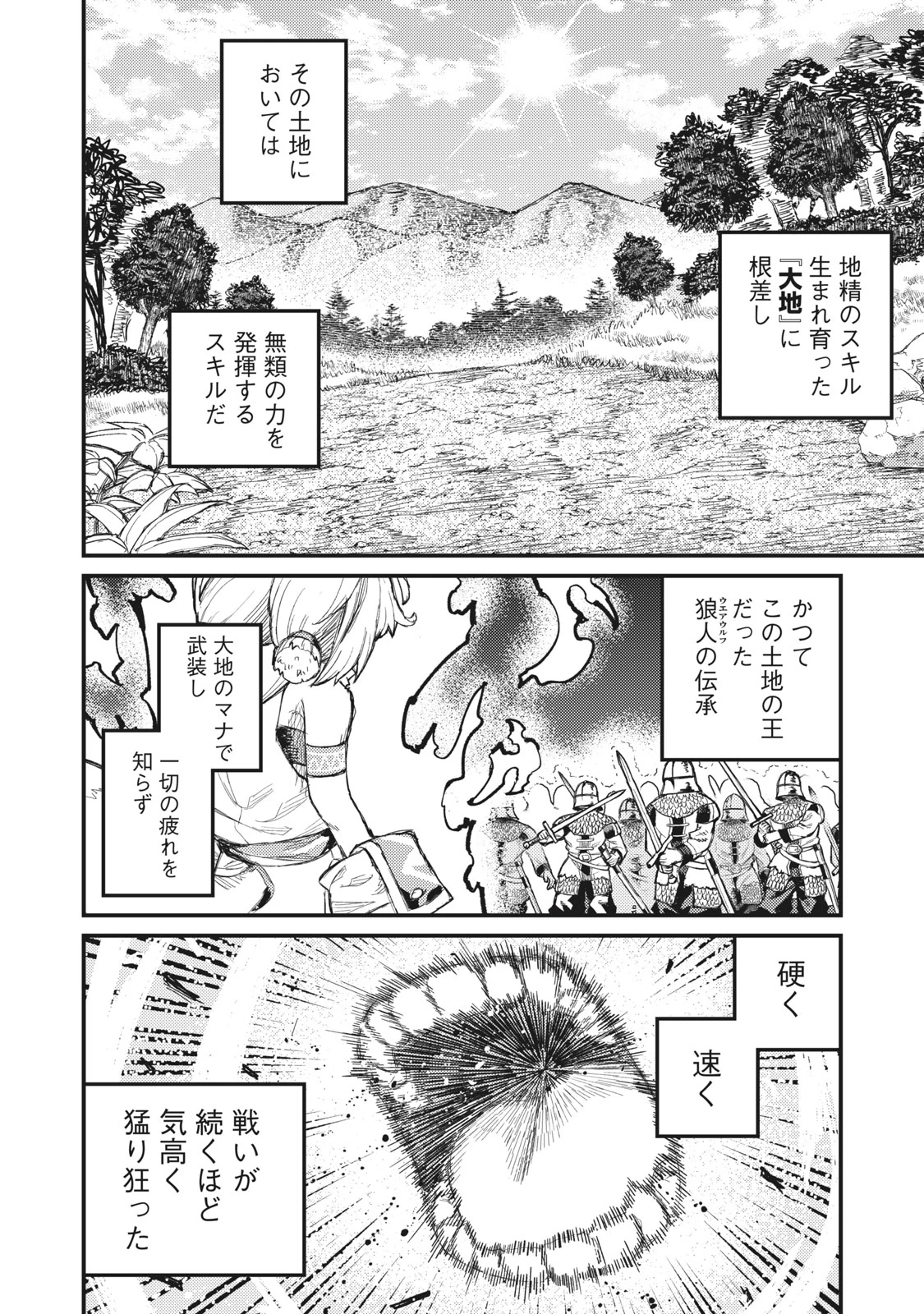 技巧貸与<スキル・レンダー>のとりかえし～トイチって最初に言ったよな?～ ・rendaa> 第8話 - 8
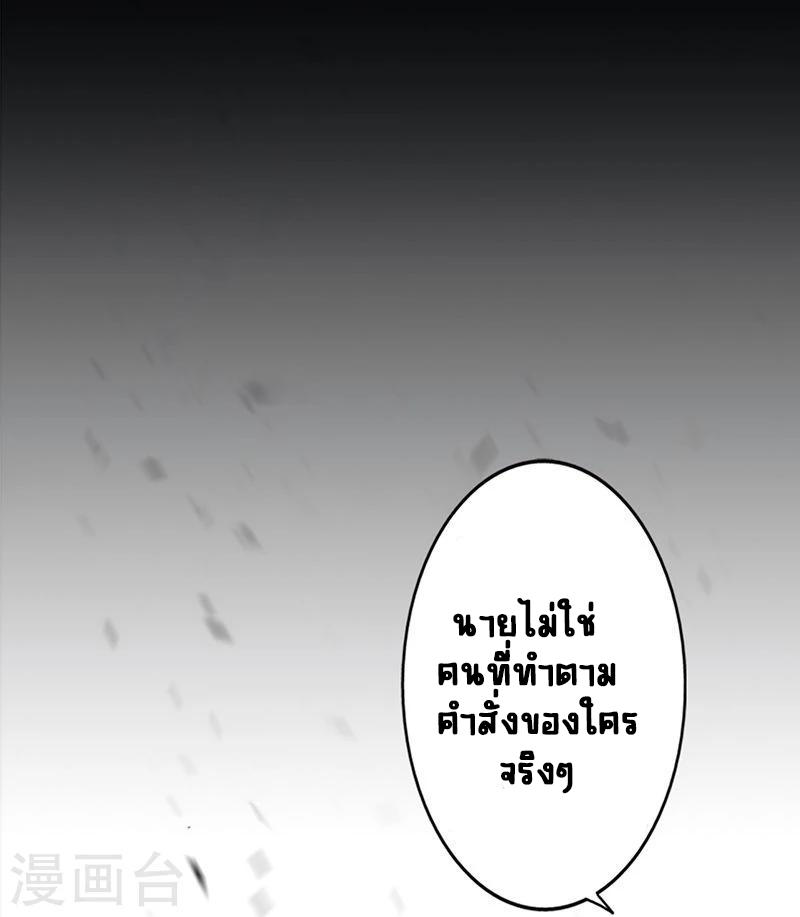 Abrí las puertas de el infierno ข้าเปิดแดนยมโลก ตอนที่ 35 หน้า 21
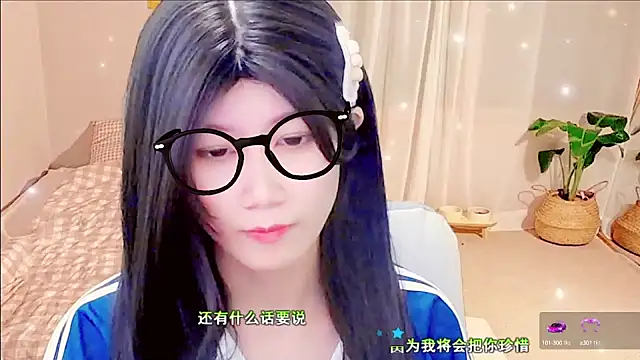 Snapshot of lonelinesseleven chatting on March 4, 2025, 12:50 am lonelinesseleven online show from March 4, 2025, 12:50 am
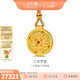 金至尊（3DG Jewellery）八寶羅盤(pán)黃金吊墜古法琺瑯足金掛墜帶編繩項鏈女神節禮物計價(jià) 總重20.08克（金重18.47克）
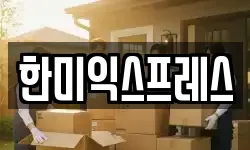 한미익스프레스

--

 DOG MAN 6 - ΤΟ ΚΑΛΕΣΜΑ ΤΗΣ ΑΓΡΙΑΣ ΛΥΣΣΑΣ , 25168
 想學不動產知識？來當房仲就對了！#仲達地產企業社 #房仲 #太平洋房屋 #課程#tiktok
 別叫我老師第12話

**Directions for this task**. Excluding any pictures, print exactly the lines of the listing above from the line with "技巧貸与<スキル・レンダー>のとりかえし～トイチって最初に言ったよな?～ ・rendaa> 第8話" to the line with "Snapshot of lonelinesseleven", both ends included.

**Final answer**.
 技巧貸与<スキル・レンダー>のとりかえし～トイチって最初に言ったよな?～ ・rendaa> 第8話 - 8
 Abrí las puertas de el infierno ข้าเปิดแดนยมโลก ตอนที่ 35 หน้า 21
 Snapshot of lonelinesseleven chatting on March 4, 2025, 12:50 am lonelinesseleven online show from March 4, 2025, 12:50 am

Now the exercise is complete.